**Material provided**
○ ○ ○ ○ ○ ○ ○
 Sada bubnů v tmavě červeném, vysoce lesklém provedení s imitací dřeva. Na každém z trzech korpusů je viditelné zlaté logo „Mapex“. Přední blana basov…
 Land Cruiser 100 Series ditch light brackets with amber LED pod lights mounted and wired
○ ○ ○ ○ ○ ○ ○
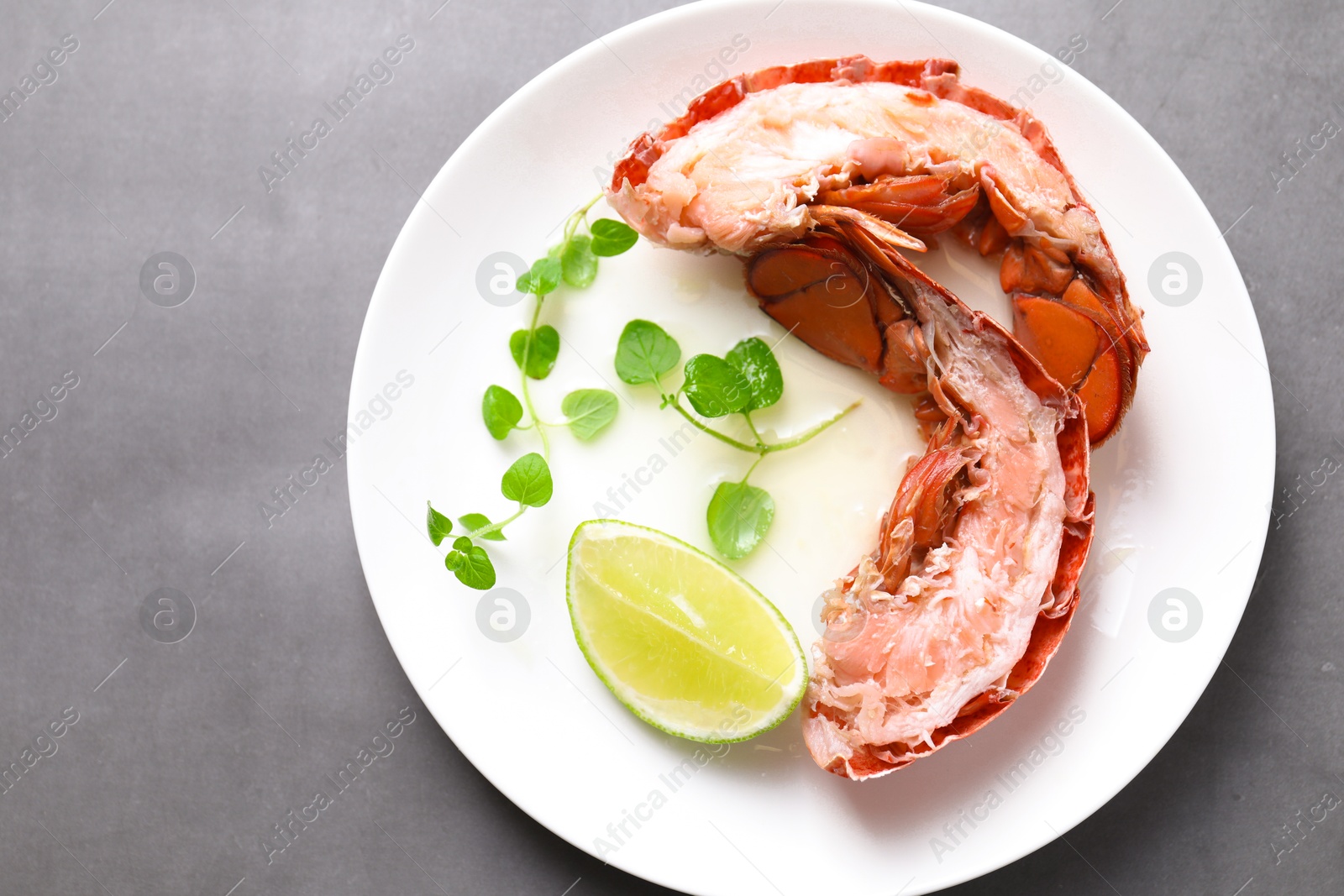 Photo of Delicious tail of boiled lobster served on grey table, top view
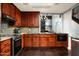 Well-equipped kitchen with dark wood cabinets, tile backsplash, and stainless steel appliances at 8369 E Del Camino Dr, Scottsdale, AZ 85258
○ ○ ○ ○ ○ ○ ○
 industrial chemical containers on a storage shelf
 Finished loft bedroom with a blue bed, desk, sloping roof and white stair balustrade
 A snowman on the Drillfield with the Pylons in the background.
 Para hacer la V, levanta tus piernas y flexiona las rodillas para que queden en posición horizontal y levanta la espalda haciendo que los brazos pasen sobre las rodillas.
○ ○ ○ ○ ○ ○ ○
**Problem requirements**
Above are the entries. Copy exactly the part that opens with the line containing "Sada bubnů v" and closes with the line containing "Land Cruiser 100", and no more.

**Task solution**
 Sada bubnů v tmavě červeném, vysoce lesklém provedení s imitací dřeva. Na každém z trzech korpusů je viditelné zlaté logo „Mapex“. Přední blana basov…
 Land Cruiser 100 Series ditch light brackets with amber LED pod lights mounted and wired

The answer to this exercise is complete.